The ascension of San Antonio’s point guard shifts the foundation Spurs vs. Nuggets was assumed to rest on.

Denver Nuggets v San Antonio Spurs-Game Three Photo by Ronald Cortes/Getty Images

The Spurs have put the Nuggets in a difficult position. With an imperfect roster filled with players who have undeniable strengths and exploitable weaknesses, Denver’s defense has succeeded this year mostly because Coach Malone and his staff have fashioned a scheme that emphasizes those strengths and hides the weaknesses.

That’s essentially the goal of any coach, but rarely is it so obviously successful as it has been in Denver this year. The players, too, deserve a lot of credit for buying in and executing at a high level. Unfortunately, this series against the Spurs, as playoff series tend to do, has stripped away some of the shiny veneer the Nuggets were using to cover their limitations.

So far, it appears they simply can’t contain two dynamic ball handlers.

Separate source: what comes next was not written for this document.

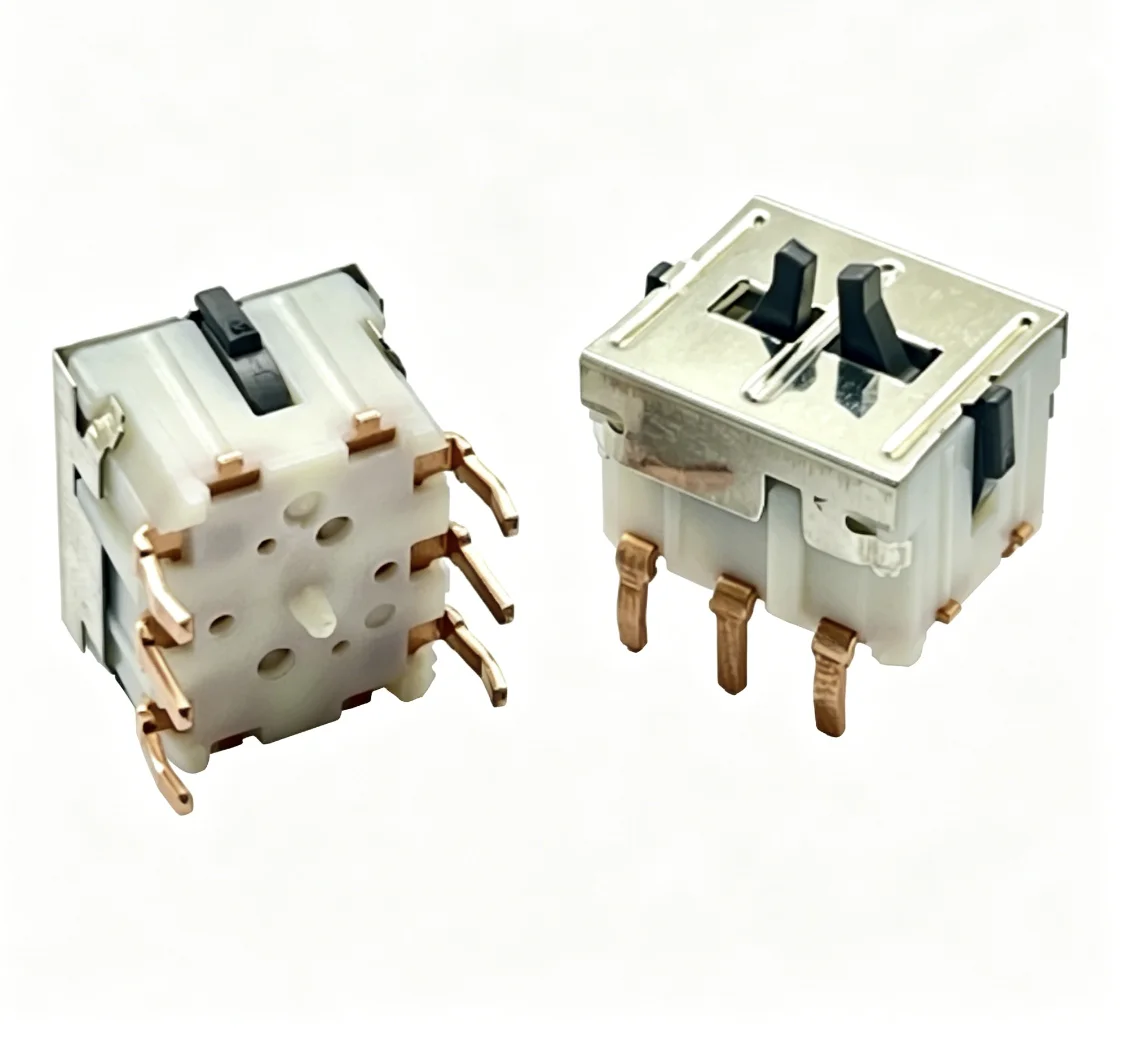 Tianlai Lift Original ALPS New Energy Vehicle Window Switch Pointed Leg Bidirectional Detection Switch 6-pin 1pcs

For the first 2 games, tilting their defense towards DeMar DeRozan and LaMarcus Aldridge had generally worked. The Nuggets had a chance to win the 1st game and managed to pull out the 2nd thanks to some 4th quarter fireworks from Jamal Murray. Derrick White had outplayed Murray pretty handily, but there was a sense that the Nuggets may have found something that works in the devastating run they used to even up the series.

But in game 3, Derrick obliterated that notion. He wasn’t just better than Murray, he was the best player on the floor. He scored from everywhere and seemingly at will, even prompting a beautiful breakdown from Coach Nick.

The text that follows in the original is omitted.